Senior Chief Petty Officer (SCPO) is an enlisted rank in the navies of some countries.

United States

U.S. Coast Guardsenior chiefpetty officercollar device

U.S. Coast Guardsenior chiefpetty officerinsignia

Senior chiefpetty officercollar device

Senior chiefpetty officershoulderboard

Senior chiefpetty officerwith 12 yearsof service

Senior chiefpetty officerinsignia

Senior chief petty officer is the eighth of nine enlisted rates in the U.S. Navy and U.S. Coast Guard, just above chief petty officer and below master chief petty officer, and is a noncommissioned officer.  They are addressed as "Senior Chief" in most circumstances, or sometimes, less formally, as "Senior".

Advancement to senior chief petty officer is similar to that of chief petty officer. It carries requirements of time in service, superior evaluation scores, and peer review. In the Navy, it is the first promotion that is based entirely on proven leadership performance; test scores do not play a part. A chief petty officer can only advance to senior chief if a board of master chiefs approve, convened every year around March. Senior chief petty officers make up just 2.5% of the total enlisted force of the Navy and overall fall within the top 4% of the enlisted ranks.

In the Coast Guard, advancement to senior chief is similar to other advancements, in that candidates compete with other advancement-eligible chief petty officers.  Advancement-eligible chief petty officers are prioritized based on written examination scores, evaluations, award points, time in service, and time in grade.  Senior chief petty officers are then selected monthly from this prioritization list as positions become available.

As do chief petty officers, senior chief petty officers take on more advanced leadership duties in their new paygrade. In the Navy, their khaki uniform continues to reflect their responsibility level: It is similar to an officer's uniform, but with different insignia.  (In the Coast Guard, petty officers, chief petty officers, warrant officers, and commissioned officers all wear similar uniforms.)
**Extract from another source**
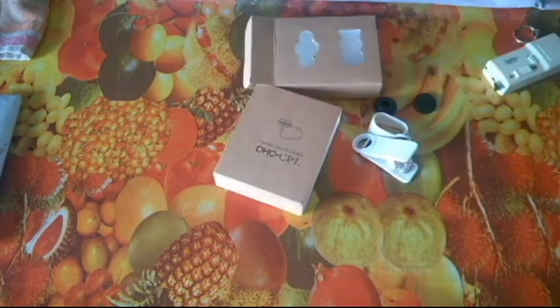So that was it guys — the unboxing of this CPL clip-on lens product from AliExpress. That's it for now as far as the unboxing was concerned. Thank you guys for watching and have a nice day.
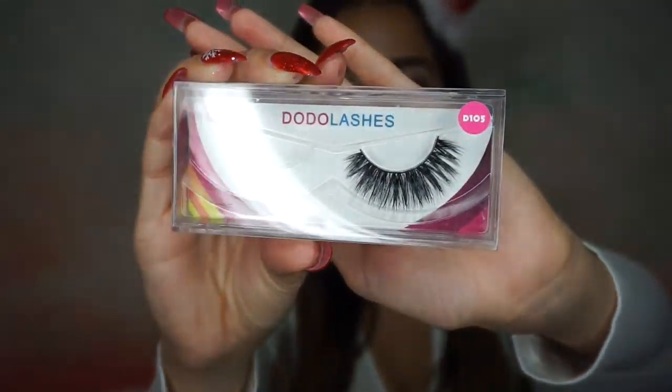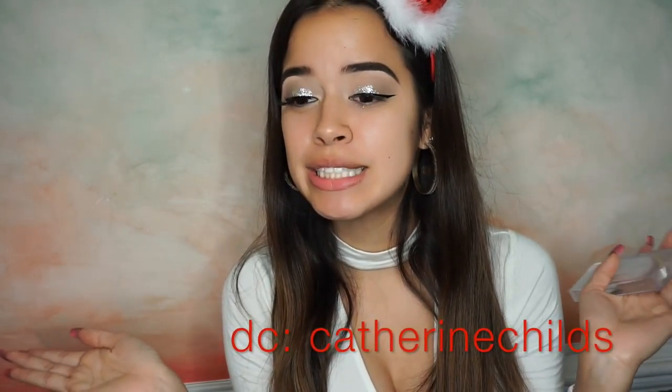This is like the sample size — I got it in my Ipsy bag and I literally love it. I don't want to buy another one, but I'll probably buy the full size. For lashes today I'm going to be using my Dota lashes in Z105. They're very gorgeous and you can use my discount code Catherine Childs to save — and they're already like $5, so how could you not.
Like petty officers, every chief has both a rate (rank) and rating (job, similar to an MOS in other branches). A chief's full title is a combination of the two. Thus, a senior chief petty officer with the rating of machinist's mate would properly be called a senior chief machinist's mate, the abbreviation of which is MMCS.

Each rating has an official abbreviation, such as MM for machinist's mate, QM for quartermaster, and YN for yeoman.  The rating and the rate combined give the abbreviation of a senior chief's full title, such as BMCS for senior chief boatswain's mate. In the expanded form, the title of senior chief always precedes the rating. It is not uncommon practice to refer to a senior chief petty officer by this shorthand in all but the most formal correspondence (such as printing and inscription on awards).

The rating insignia for a senior chief is an eagle with spread wings above three chevrons. The chevrons are topped by a rocker that goes behind the eagle (or "crow", as it is commonly called). An inverted star (similar to the stars on the sleeves of line officers) is above the eagle. This is used on the dress blue uniform. On all other uniforms, the insignia used is the one that has become universally accepted as the symbol of the chief petty officer: a fouled (entwined in the anchor chain) gold anchor superimposed with a silver "USN" in the Navy or a silver shield in the Coast Guard. As in the dress blue insignia, the anchor is capped by an down-pointing star.

In the Navy, officers and chiefs are referred to as "khakis". This is a reference to the color of one of their most common uniforms and is a direct contrast to those in paygrades E-6 and below ("blueshirts").

Command senior chief petty officer

As of 2005 and after a pilot program taking place on three mine countermeasures ships, the Navy started appointing senior chiefs to command roles. Until this time, senior chiefs had a senior enlisted leadership role in the submarine force as chiefs of the boat. This new effort works to formalize leadership at the senior chief level. In July 2015, the rate was formally established as a rating. Before it had been a billet instead of a rating.

The USCG also has the grade of Command Senior Chief Petty Officer (Silver Badge).

Ireland

Irish Naval Service
Senior chief petty officer (Irish: Ard-Mhion-Oifigeach Sinsearach) is a rank in the Irish Naval Service. The rank is deemed equivalent to a member of the NATO armed forces ranked E-8, making it the equivalent of a senior chief petty officer in the US Navy or a warrant officer class 2 in the Royal Navy. The rank is one grade below an Irish warrant officer.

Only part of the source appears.